Simryn Gill: Caresses
“Working with ephemeral materials in a domestic environment, Simryn Gill contemplates a lived social reality within the present. Through collections that seem casually thrown together, her art brings into play our day-to-day experiences. (...) This “being in the present”, or the “everyday” is elusive to objectification, which is what gives its powerful, radical character. Within our strictly symbolic structures, the thoughtfulness and modesty of Gill’s works can appear out of place or out of time, as can its intensity and poetry.”
- Catherine de Zegher, Curator of Simryn Gill’s exhibition for the Australian Pavilion at the 55th Venice Biennale, 2013
Richard Saltoun Gallery New York presents Caresses, an exhibition of recent works on paper by Sydney-based, Singapore-born artist Simryn GILL (b. 1959).

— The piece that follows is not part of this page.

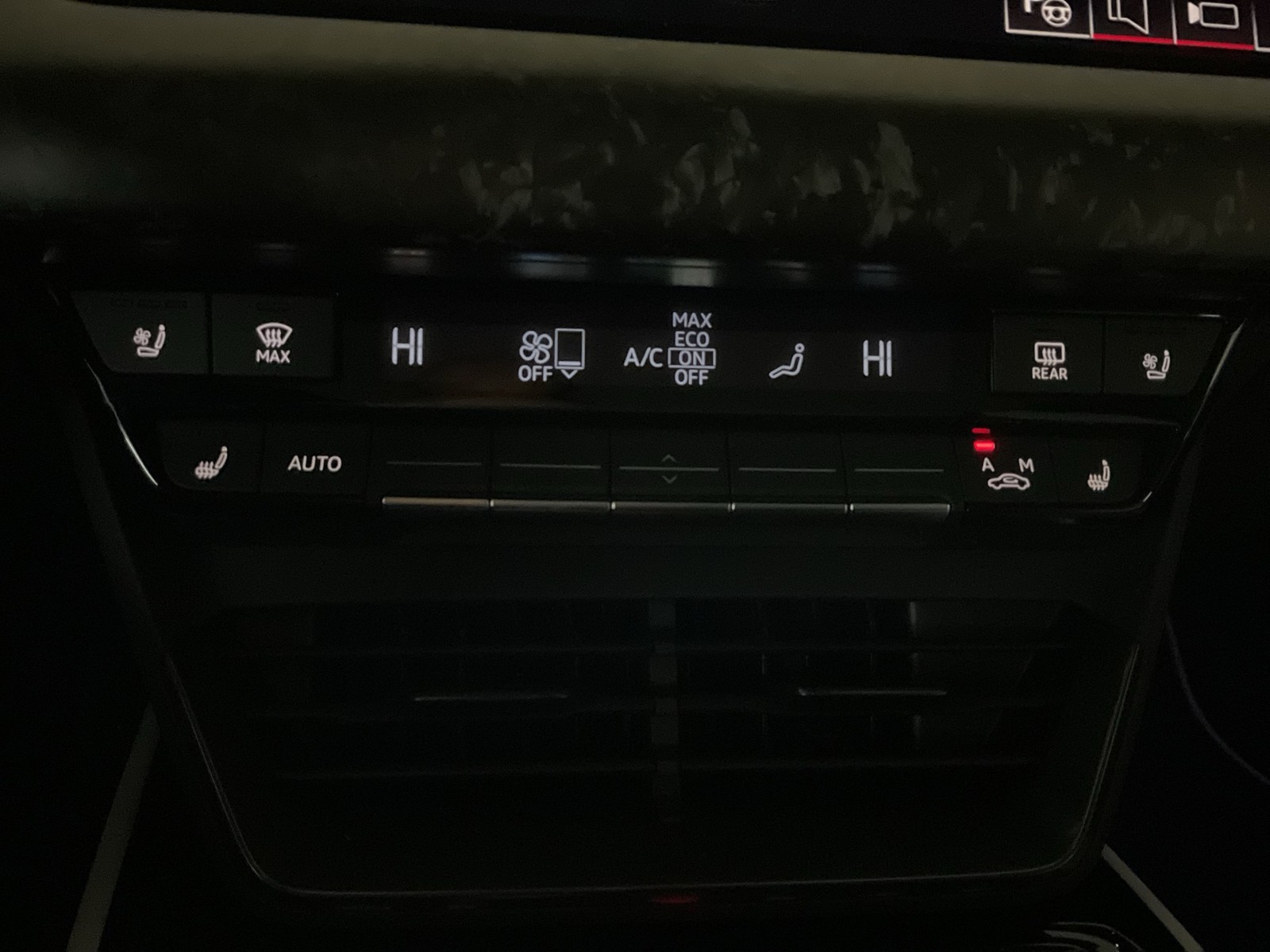 Audi RS e-tron GT performance quattro PANO B&O LM21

Gill is fascinated by the stories that objects and sites can tell. Inspired by her immediate surroundings in the many places she has lived—Port Dixon in Malaysia, Adelaide, and Marrickville in Australia—her subtle, conceptually driven practice uncovers the hidden narratives embedded in mundane materials, such as found books, plants, fragments of text, and even animal remains. These materials serve as conduits for exploring connections between people, places, and histories. Describing herself as a "maker and keeper of records," Gill uses techniques like printing, gluing, pressing, and tearing to bring these invisible narratives to light.
The exhibition takes its name from Gill’s Caresses series, which features delicate rubbings of disassembled typewriters. As the affectionate title suggests, these intricate works are a kind of love letter to the physicality of typewriters as phantoms of a bygone era, capturing the curves, keys, and inner mechanisms of these once-essential tools for communication. By focusing on their shapes and textures, Gill transforms them into quiet meditations on touch, memory, and the passage of time.
Displayed alongside the Caresses are works from the Let Go, Lets Go series, as seen at the 55th Venice Biennale when Gill represented Australia. In these pieces, Gill cuts and rearranges fragments of text from found books into delicate clusters that resemble swarming insects, showing language as something that’s fragile, alive and constantly moving, breaking apart and coming together in unexpected ways.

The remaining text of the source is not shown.